======== Input

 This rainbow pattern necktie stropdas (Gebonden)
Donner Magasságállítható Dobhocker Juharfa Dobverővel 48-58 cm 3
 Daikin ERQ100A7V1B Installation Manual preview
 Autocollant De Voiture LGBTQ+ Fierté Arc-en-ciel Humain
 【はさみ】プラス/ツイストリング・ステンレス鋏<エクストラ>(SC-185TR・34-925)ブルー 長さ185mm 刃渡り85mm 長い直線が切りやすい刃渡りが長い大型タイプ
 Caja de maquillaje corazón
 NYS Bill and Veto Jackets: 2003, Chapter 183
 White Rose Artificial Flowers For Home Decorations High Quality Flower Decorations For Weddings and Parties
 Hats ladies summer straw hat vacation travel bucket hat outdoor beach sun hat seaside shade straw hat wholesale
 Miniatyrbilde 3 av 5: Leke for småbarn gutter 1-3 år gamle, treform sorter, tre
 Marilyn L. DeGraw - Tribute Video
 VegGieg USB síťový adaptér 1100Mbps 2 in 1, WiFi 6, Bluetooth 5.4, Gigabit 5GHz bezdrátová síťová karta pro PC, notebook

================

To do: One stretch of the lines above is wanted, from the line that contains "Donner Magasságállítható Dobhocker" through the line that contains "Miniatyrbilde 3 av". Output it exactly.

Output:
Donner Magasságállítható Dobhocker Juharfa Dobverővel 48-58 cm 3
 Daikin ERQ100A7V1B Installation Manual preview
 Autocollant De Voiture LGBTQ+ Fierté Arc-en-ciel Humain
 【はさみ】プラス/ツイストリング・ステンレス鋏<エクストラ>(SC-185TR・34-925)ブルー 長さ185mm 刃渡り85mm 長い直線が切りやすい刃渡りが長い大型タイプ
 Caja de maquillaje corazón
 NYS Bill and Veto Jackets: 2003, Chapter 183
 White Rose Artificial Flowers For Home Decorations High Quality Flower Decorations For Weddings and Parties
 Hats ladies summer straw hat vacation travel bucket hat outdoor beach sun hat seaside shade straw hat wholesale
 Miniatyrbilde 3 av 5: Leke for småbarn gutter 1-3 år gamle, treform sorter, tre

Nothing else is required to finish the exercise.